Before analysing Russian policy on Caspian energy resources, one should take a closer look at her monopoly over existing pipeline routes. Russia had provided the only transportation link through Baku-Novorossiysk pipeline and most of the rail transportation from the region until the opening of an ‘early oil’ pipeline from Baku, Azerbaijan to Supsa, Georgia in April 1999. Currently, the Russian route is the most viable option for Kazakhstan and Turkmenistan to export their oil reserves to the world markets. With the completion of the Chechen bypass pipeline, Azerbaijan commenced exporting its oil reserves through Russian territory in the second half of 2000. Moreover, completion of the Caspian Pipeline Consortium (CPC) pipeline has led to the flow of Kazakh oil exports from the Tengiz oilfield to the Russian Black Sea port of Novorossiysk. Russia has been developing its own oil fields and expanding its existing pipeline system in the Caspian region. State owned oil company Lukoil, gas company Gazprom, and pipeline network operator Transneft were the principal tools at the hands of Russian diplomats. In June 2002, conclusion of a wide range of agreements with Kazakhstan marked a decisive victory for Russia over Kazak oil export channels. As indicated below, this set of agreements also opened the way for Kazakhstan to link its oil resources to the Burgas-Alexandroupolis pipeline. Meanwhile, Russians have been looking for ways to increase their Caspian oil exports. In that regard, Moscow has ambitious plans to increase the total capacity of its pipeline network around the Caspian.
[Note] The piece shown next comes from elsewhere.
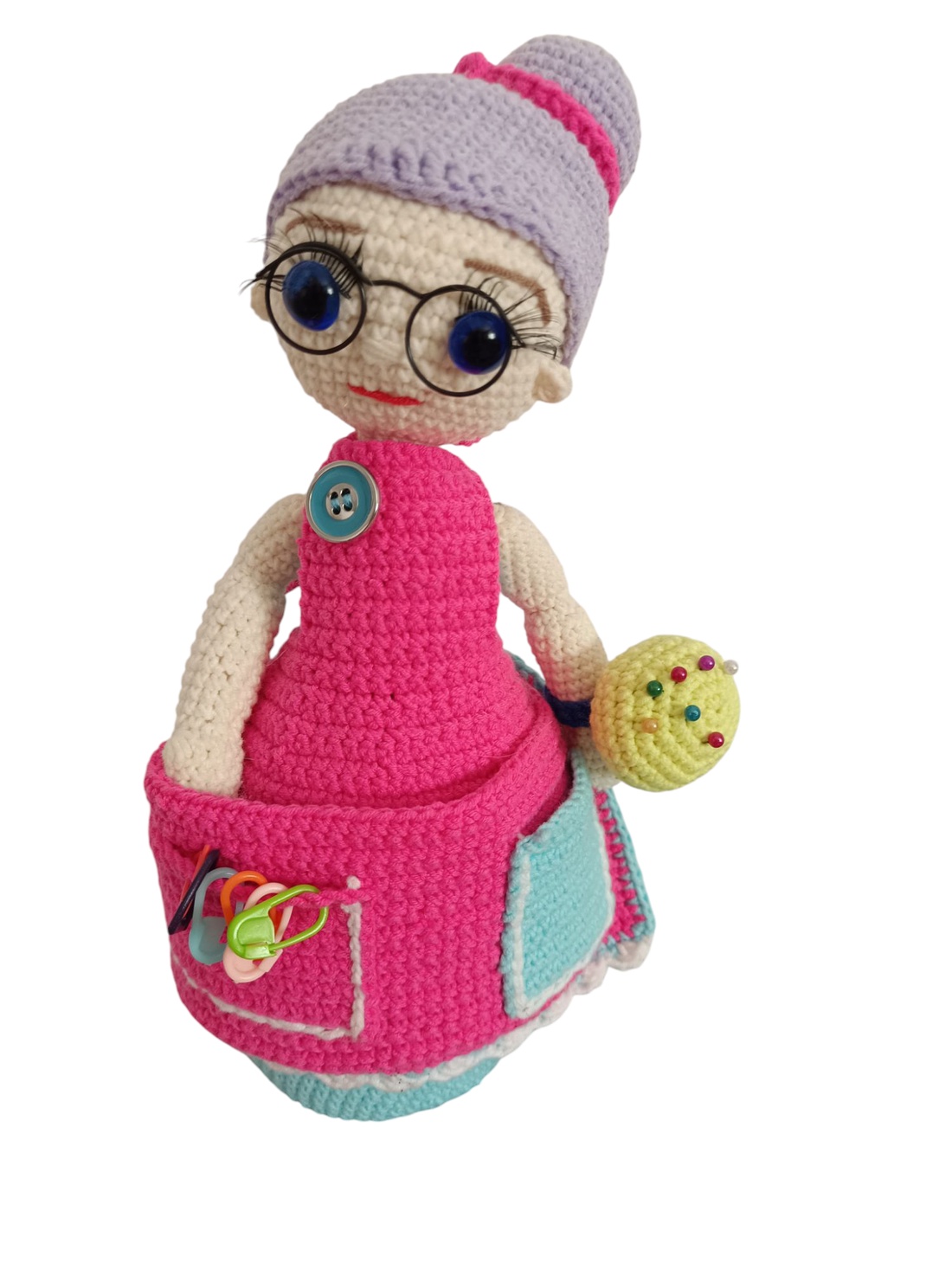 Buni Laly croșetată - jucării și echipamente pentru copii - jucării și accesorii pentru copii - păpușă de îmbrăcat - Artynos.ro Buni Laly croșetată - jucării și echipamente pentru copii - jucării și accesorii pentru copii - păpușă de îmbrăcat - Artynos.ro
To make it straight, Moscow considers maintaining its monopoly over the flow of Caspian energy resources would lead Russia not only to gain political leverage over European countries with ever-increasing energy needs, but also regain its political dominance over the newly independent countries. In that regard, not only American physical presence but also US-origin oil companies' investments at the ‘back garden’ of Russia are perceived as a vital threat to Russian national security. This is simply the case for the US-sponsored Baku-Tbilisi-Ceyhan pipeline project. “The Russian government has always understood that this pipeline was part of the broader US strategy to cut all links with Moscow among the former Soviet states in the Caucasus, building a new economic infrastructure that would dissuade the Caucasus group from ever renewing these ties.” 52

Moscow anticipates that sooner or later the US will project Turkey as a regional energy hub for the export of hydrocarbon resources of the Middle East and Central Asia to Europe. Therefore, the US has supported an East-West energy corridor and pushed forward several pipeline projects bypassing Russia such as BTC, BTE, and NABUCCO. Moscow perceives the US's insistence on an East-West energy corridor as a strategy to isolate Russia strategically from the EU. At the end of the day, Russia graphed its famous energy weapon and developed an energy strategy to break this process. Thus, Russia has been pushing ahead the trans-Balkan project known as the Burgas-Alexandroupolis oil pipeline. The pipeline will be 280 kilometres long and carry oil from the Bulgarian port of Burgas on the Black Sea to Greece's Alexandroupolis on the Aegean. The $1 billion project has significant geo-political implications that go beyond exporting Caspian region hydrocarbon resources to Europe. First, the Russian project will undermine the US attempt to dictate the primacy of the BTC as the main Caspian export pipeline to Western markets. Second, Russia considers the Burgas-Alexandroupolis pipeline as an extension of the Caspian Pipeline Consortium (CPC) that already connects the oilfields in western Kazakhstan with the oil terminal at Novorossiisk . Thus, Kazakhstan will continue to depend on Russia to export the bulk of its oil to the Western market, even if BTC will be linked to Astana. Finally, the Burgas-Alexandroupolis pipeline will lessen the amount of Caspian oil required to be exported through the Odessa-Brody pipeline in Ukraine. Through the Odessa-Brody pipeline, Poland and Ukraine had been expecting to have direct access to the Caspian oil reserves; however, it looks like their hopes to bypass Russia will not be realised. Thus, Moscow has revealed to Washington that it will not let Ukraine gravitate towards the US orbit.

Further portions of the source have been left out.